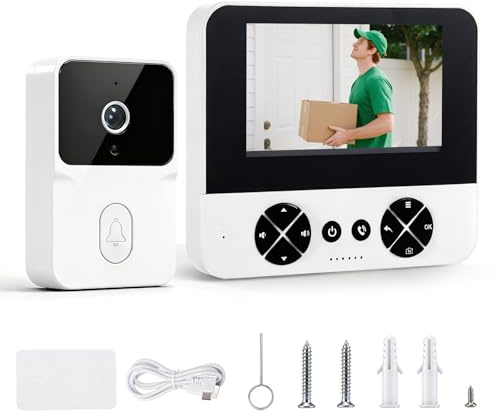 VeftBltrem Kabellose Türklingel mit Kamera, 1080p 4,3 Video Türklingel, Bluetooth Video Gegensprechanlage Türklingel, wasserdicht (IP65), Nachtsicht, Gegensprechfunktion, Keine App & WLAN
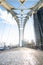 Snow and Ice covering a beautiful arched pedestrian bridge as the sun sets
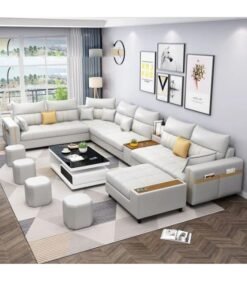 KUSTOMDECO Victoria 7-Seater Leather L-Shape Corner Sofa - Customizable Sectional Sofa for Living Room, Premium Upholstery, L-Shape Design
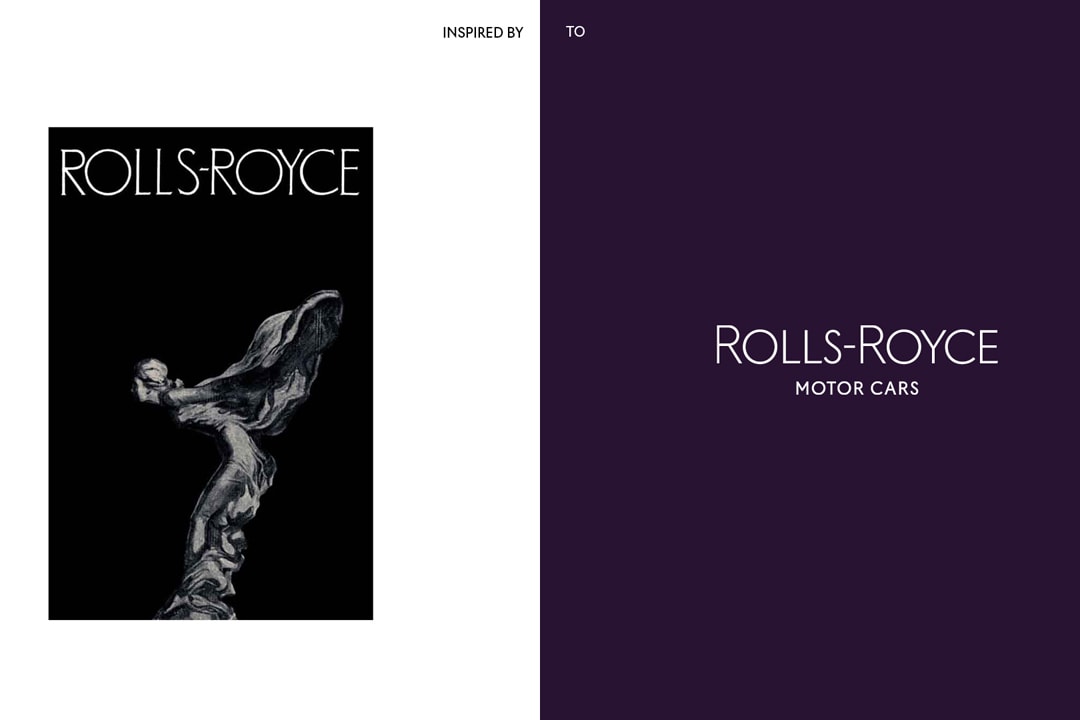 Pentagram Updates Rolls-Royce Brand Identity logo monogram spirit of ecstasy car print design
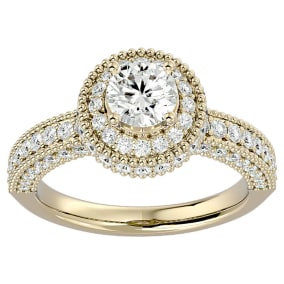 1 3/4 Carat Moissanite Halo Engagement Ring In 14 Karat Yellow Gold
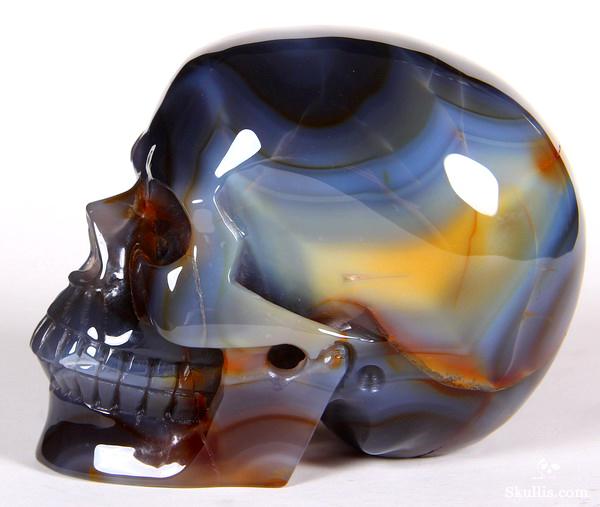 Large 4.4" Agate Carved Crystal Skull, Healing Large 4.4" Agate Carved Crystal Skull, Healing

- **What the task requires**
An exact copy is needed of the lines running from the one containing "Pentagram Updates Rolls-Royce" through the last line of the material, and of no others; pictures stay out.

- **Your solution**
 Pentagram Updates Rolls-Royce Brand Identity logo monogram spirit of ecstasy car print design
 1 3/4 Carat Moissanite Halo Engagement Ring In 14 Karat Yellow Gold
 Large 4.4" Agate Carved Crystal Skull, Healing Large 4.4" Agate Carved Crystal Skull, Healing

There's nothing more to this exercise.